Witty circus show full of heart and serious acrobatics
Can you tell a story with acrobatics? If it's possible with dance, then why not? Barely Methodical Troupe have set their latest show in some sort of dystopian future where a woman who gives nothing away orders five men to perform for her in turn. She awards points, or perhaps it is her sinister controller who communicates through a scary red phone. The plot is pretty barmy, but we get the impression of a world of power, oppression, control and only kinship to stand against it.
Packing more into 65 minutes than many shows manage in 90, Kin is a heady mix of hilarity, acrobatics and tricks, exploring beauty, melancholy, knob gags and an ice maiden, how not to eat a banana, comradeship, trust and loneliness. It has the loveliest rendition of Starry Starry Night, some fine musicianship, and about two and a half seconds of juggling.

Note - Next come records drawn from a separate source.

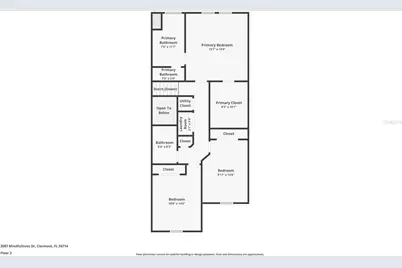 3087 Mindfullness Drive, Clermont, FL 34714 - Photo 36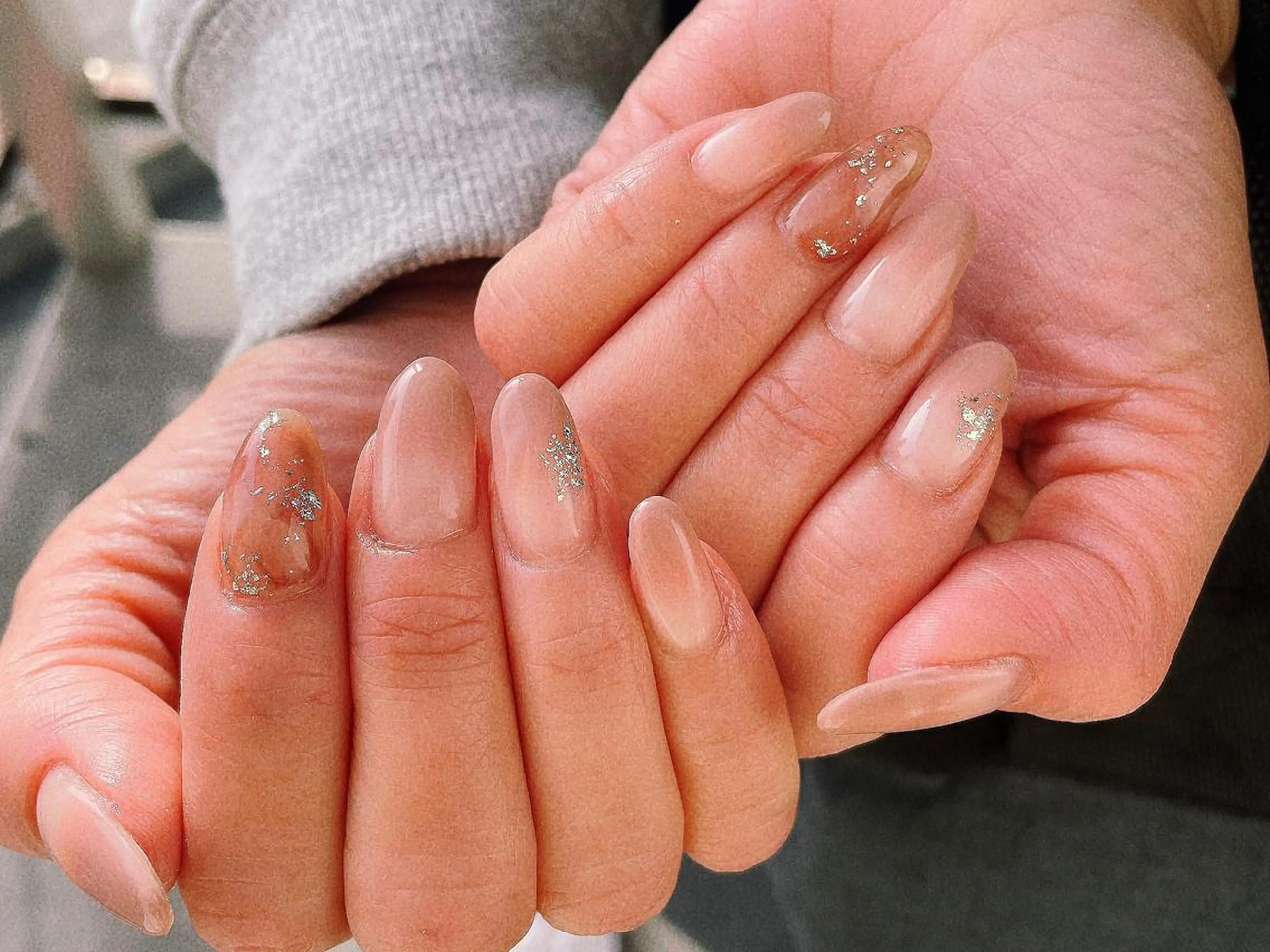 ネイル nail salon   BONO所属・nail salon アトリエBONOのネイルデザイン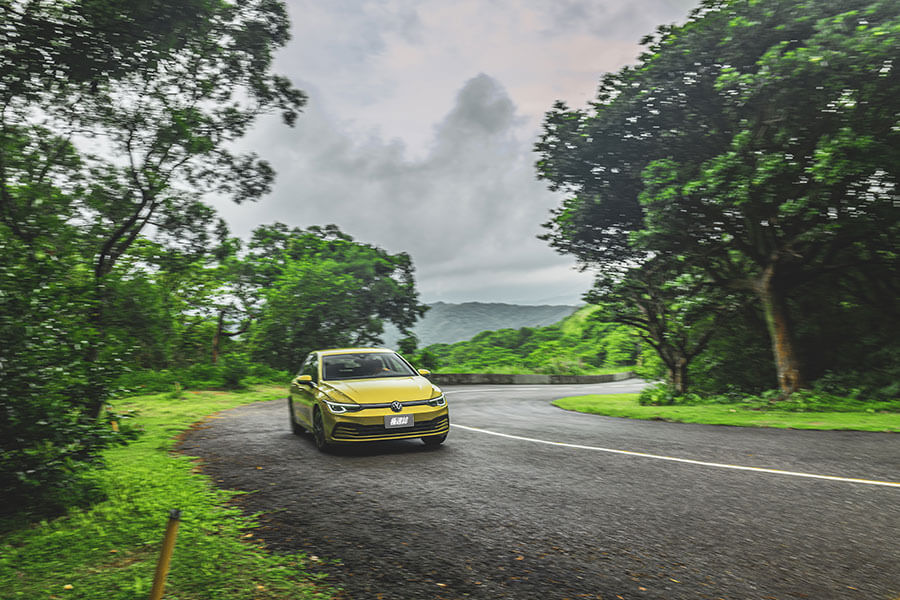 面對各路人馬的放話挑戰,以全面進化還以顏色就對了。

It's really good to know people are in control. I think that's the secret to a lot of the joy of watching sport, and in most spheres when we know other people are in control of themselves, we know we can relax. Nikki Rummer, the female acrobat, was able to do back flips silently, to move in slow motion, and to stop a cartwheel at almost any angle. She lorded it over the boys, but one could see that every member of the troupe was brilliant at what they did.
Almost wasteful of props, and indeed time (at the beginning there's a good long stretch of slapstick, which ambles along) the show somehow leaves room for the most extraordinary circus skills, including plenty of people balancing on each other, and something called a Cyr wheel, like a giant metal hula hoop which the chaps can spin around in like humans gyroscopes. But unlike a Big Top circus, where each performance is built up and self-referential, here we have competition and one-upmanship, belittling and rivalry, and many of the segments end in a dust-up.
Like all true performers, BMT have realised that if they make it all look too easy we won't be properly impressed. How can we if we don't know what's really hard? So at the start they pretend to stagger around, almost dropping each other, failing to clamber up. When we see later how it should be done, we can appreciate the skill involved, and the audience gasp in unison, like a crowd watching fireworks. I kept finding I'd said "wow" out loud. Again. The standing ovation when it came was richly deserved.